Mike Pence Says U.S. Will Sanction Turkey Unless American Pastor Freed
WASHINGTON (AP) — The United States threatened NATO ally Turkey with sanctions Thursday over a detained American pastor held on terror and espionage charges.
Vice President Mike Pence said that if Turkey does not take immediate action to free Andrew Craig Brunson, “the United States of America will impose significant sanctions on Turkey.” He spoke at the close of a three-day conference on religious freedom.
Brunson, 50, an evangelical Christian pastor originally from North Carolina, was let out of jail Wednesday, after 1 1/2 years, to serve house arrest because of “health problems,” according to Turkey’s official Anadolu news agency.
“Brunson is an innocent man, there is no credible evidence against him,” Pence said.
President Donald Trump has repeatedly demanded Brunson’s release and said on Twitter last week that the pastor’s detention was “a total disgrace.”
If convicted, Brunson faces up to 15 years in prison for “committing crimes on behalf of terror groups without being a member,” references to outlawed Kurdish militants and the network of a U.S-based Muslim cleric blamed for a failed coup attempt. He could receive another 20 years if he is found guilty of espionage.

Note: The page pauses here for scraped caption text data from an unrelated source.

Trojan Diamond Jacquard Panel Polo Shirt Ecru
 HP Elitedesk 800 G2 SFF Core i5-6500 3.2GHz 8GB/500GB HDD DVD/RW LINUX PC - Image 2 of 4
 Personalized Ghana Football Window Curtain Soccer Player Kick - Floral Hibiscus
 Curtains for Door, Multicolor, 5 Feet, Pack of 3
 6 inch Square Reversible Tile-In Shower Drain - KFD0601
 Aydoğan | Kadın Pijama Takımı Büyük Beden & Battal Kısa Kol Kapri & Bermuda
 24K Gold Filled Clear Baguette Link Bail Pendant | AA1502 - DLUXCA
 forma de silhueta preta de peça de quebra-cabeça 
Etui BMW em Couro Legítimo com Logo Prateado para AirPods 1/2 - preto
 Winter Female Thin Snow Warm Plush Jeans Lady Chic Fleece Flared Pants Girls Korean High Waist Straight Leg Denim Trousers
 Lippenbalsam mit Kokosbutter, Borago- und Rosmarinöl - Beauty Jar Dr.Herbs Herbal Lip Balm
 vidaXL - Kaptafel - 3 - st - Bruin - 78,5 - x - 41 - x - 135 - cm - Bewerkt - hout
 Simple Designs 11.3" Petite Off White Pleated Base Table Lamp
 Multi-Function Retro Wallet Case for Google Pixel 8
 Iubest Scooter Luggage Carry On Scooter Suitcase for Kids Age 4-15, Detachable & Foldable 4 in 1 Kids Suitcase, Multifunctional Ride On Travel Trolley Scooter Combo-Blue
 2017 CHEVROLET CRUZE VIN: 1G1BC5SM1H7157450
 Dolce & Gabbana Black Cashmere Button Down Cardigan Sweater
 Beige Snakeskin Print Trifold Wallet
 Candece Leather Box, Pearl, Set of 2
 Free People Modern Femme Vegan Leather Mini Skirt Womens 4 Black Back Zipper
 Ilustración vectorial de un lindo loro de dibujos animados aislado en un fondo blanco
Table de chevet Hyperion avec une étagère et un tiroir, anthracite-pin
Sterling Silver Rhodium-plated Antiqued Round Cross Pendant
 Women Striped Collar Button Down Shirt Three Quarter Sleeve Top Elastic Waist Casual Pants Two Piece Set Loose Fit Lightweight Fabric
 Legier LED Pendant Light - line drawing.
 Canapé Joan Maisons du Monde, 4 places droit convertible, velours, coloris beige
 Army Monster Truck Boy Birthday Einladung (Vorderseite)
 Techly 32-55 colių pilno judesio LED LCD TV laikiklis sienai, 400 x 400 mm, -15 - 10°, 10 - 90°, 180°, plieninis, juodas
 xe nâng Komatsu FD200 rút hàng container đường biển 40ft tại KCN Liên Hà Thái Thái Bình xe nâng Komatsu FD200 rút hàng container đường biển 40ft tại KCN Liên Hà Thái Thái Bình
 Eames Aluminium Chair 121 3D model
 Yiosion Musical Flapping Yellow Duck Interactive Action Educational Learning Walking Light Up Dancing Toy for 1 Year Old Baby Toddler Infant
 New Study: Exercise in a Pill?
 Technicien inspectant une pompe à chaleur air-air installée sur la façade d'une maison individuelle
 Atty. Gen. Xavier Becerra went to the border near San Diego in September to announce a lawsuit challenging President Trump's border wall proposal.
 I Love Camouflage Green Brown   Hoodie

Brunson strongly denies the charges.
The case has strained ties between NATO allies Turkey and the United States.
Turkish President Recep Tayyip Erdogan has previously linked Brunson’s return to the U.S. to the extradition of cleric Fethullah Gulen, the cleric Turkey’s government holds responsible for the failed July 2016 military coup.
Gulen, who denies orchestrating the coup attempt, lives in Pennsylvania. Turkish requests for his arrest and extradition have not been granted.
At the end of a recent hearing, the court inside a prison complex in western Turkey rejected Brunson’s lawyer’s request that he be freed pending the outcome of the trial. The case was adjourned until Oct. 12.